Parece até um insulto essa afirmação, não é mesmo? Mas, infelizmente, essa é uma verdade para diversos brasileiros. É o que mostra o Indicador de Inadimplência da Confederação Nacional de Dirigentes Lojistas (CNDL) e do SPC Brasil, divulgado na quarta-feira, 13. Segundo os dados, 18,23 milhões de pessoas entre 30 e 39 anos, o que corresponde a 53,77% da população brasileira nessa faixa etária, estão negativadas.
No contexto geral, acompanhamento mostrou que, até o mês de abril, 74,82 milhões de brasileiros estavam inadimplentes. Isso corresponde a 44,69% da população adulta no país, um recorde no Brasil. Outro ponto relevante é que, em média, a dívida dos cidadãos é de R$ 5.111,64. Além disso, os devedores costumam estar inadimplentes com pelo menos duas empresas. No entanto, a média não revela o cenário de todas as pessoas, já que 41,75% têm dívidas de até R$ 1.000,00.

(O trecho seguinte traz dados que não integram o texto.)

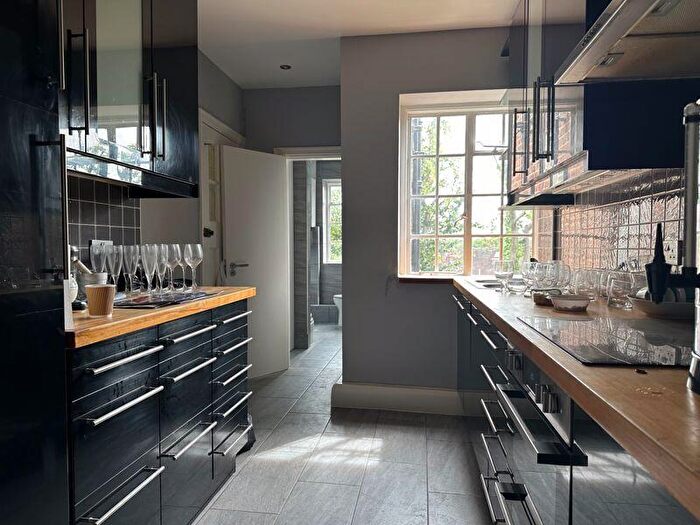 3 Bedroom Detached House For Sale In Dudley Court, Finchley Road, London, NW11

Para se ter ideia do tamanho do problema e do crescimento acelerado no número de endividados no Brasil, só entre março e abril houve um aumento de 0,81% na quantidade de inadimplentes. Em relação a quem deve mais, homens ou mulheres, a diferença é pequena, sendo 48,61% homens e 51,39% mulheres.

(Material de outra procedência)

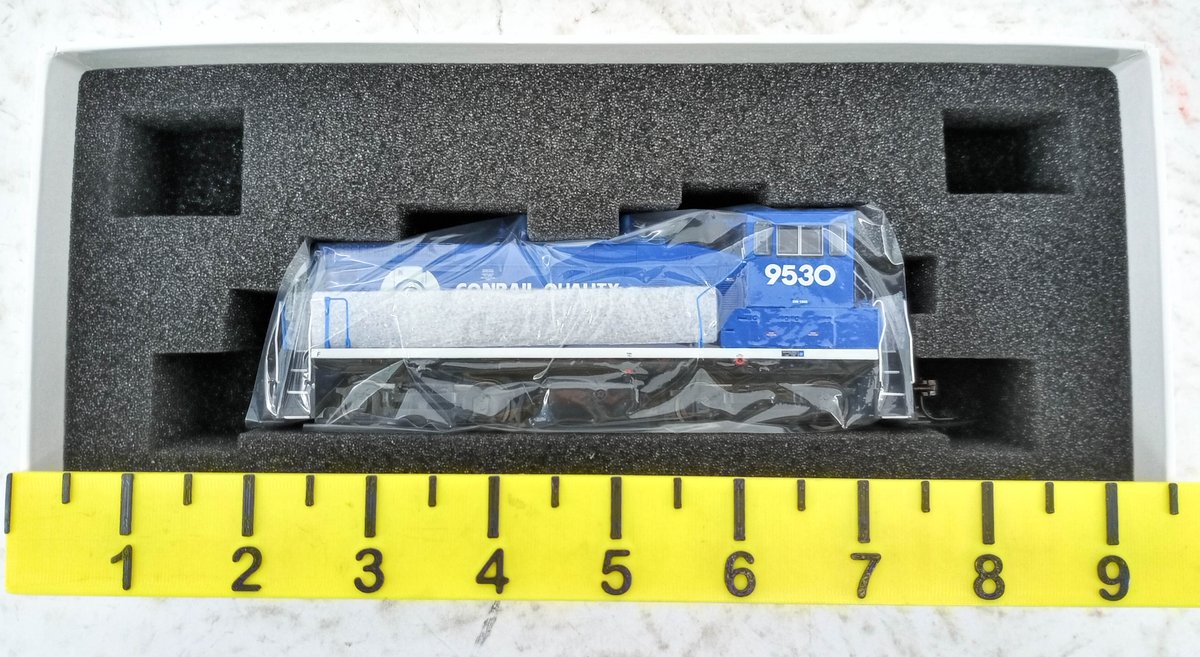 BROADWAY LIMITED HO GAUGE 2846 CONRAIL EMD SW1500 #9530 LOCOMOTIVE, OB  INV 263330829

Autoridade pede reforma para ampliar renda real no Brasil
Em fala destacada pelo portal Terra, José César da Costa, presidente da CNDL, afirmou que a ausência de uma margem de segurança na renda das famílias brasileiras faz com que qualquer imprevisto as coloque em um cenário de dívida muito difícil de ser revertido.
Por isso, há a necessidade de ser feita uma reforma para que a renda do trabalhador seja ampliada. Caso contrário, as pessoas continuarão vivendo no que ele chamou de “porta-giratória”, ou seja, limpando o nome hoje e sujando amanhã.
Inadimplência por região
O cenário da inadimplência no Brasil apresenta disparidades geográficas marcantes: enquanto o Norte lidera o ranking com quase metade da sua população adulta (48,58%) negativada, o Sul registra o menor índice, com 40,69%.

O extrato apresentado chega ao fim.